→ **ABOUT THIS TASK**: In duplicating the lines below, keep every word unchanged and drop the pictures.

→ **INFORMATION SUPPLIED**:
______________________________

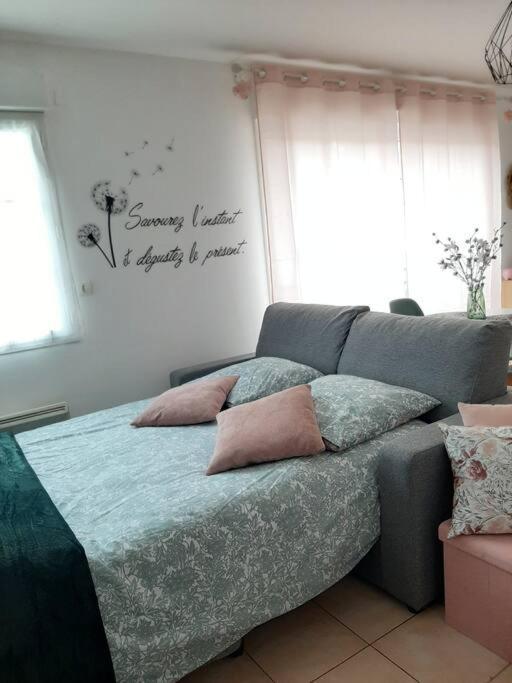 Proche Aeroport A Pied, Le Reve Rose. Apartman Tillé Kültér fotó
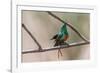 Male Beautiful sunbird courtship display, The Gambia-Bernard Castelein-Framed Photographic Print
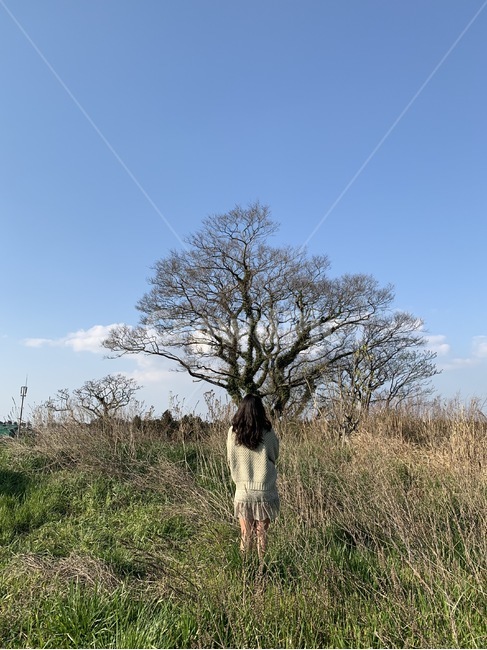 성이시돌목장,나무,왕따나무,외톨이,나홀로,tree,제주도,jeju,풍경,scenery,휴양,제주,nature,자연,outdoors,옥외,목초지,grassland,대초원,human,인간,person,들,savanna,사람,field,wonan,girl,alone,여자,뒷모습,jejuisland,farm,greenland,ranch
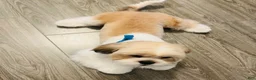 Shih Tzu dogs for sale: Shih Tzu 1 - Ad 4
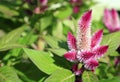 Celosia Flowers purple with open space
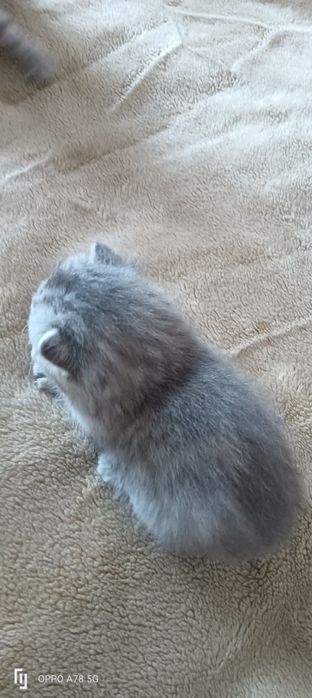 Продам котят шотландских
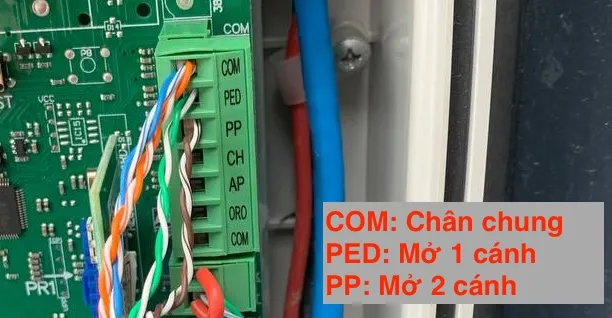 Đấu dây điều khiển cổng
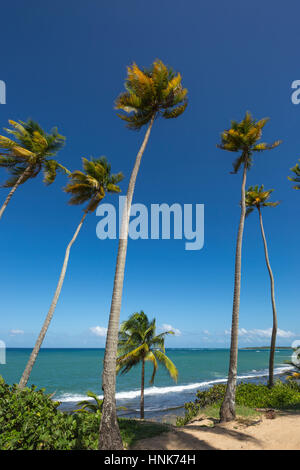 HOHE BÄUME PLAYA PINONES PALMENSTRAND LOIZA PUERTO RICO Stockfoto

______________________________

→ **ANSWER FOR THIS EXERCISE**:
 Proche Aeroport A Pied, Le Reve Rose. Apartman Tillé Kültér fotó
 Male Beautiful sunbird courtship display, The Gambia-Bernard Castelein-Framed Photographic Print
 성이시돌목장,나무,왕따나무,외톨이,나홀로,tree,제주도,jeju,풍경,scenery,휴양,제주,nature,자연,outdoors,옥외,목초지,grassland,대초원,human,인간,person,들,savanna,사람,field,wonan,girl,alone,여자,뒷모습,jejuisland,farm,greenland,ranch
 Shih Tzu dogs for sale: Shih Tzu 1 - Ad 4
 Celosia Flowers purple with open space
 Продам котят шотландских
 Đấu dây điều khiển cổng
 HOHE BÄUME PLAYA PINONES PALMENSTRAND LOIZA PUERTO RICO Stockfoto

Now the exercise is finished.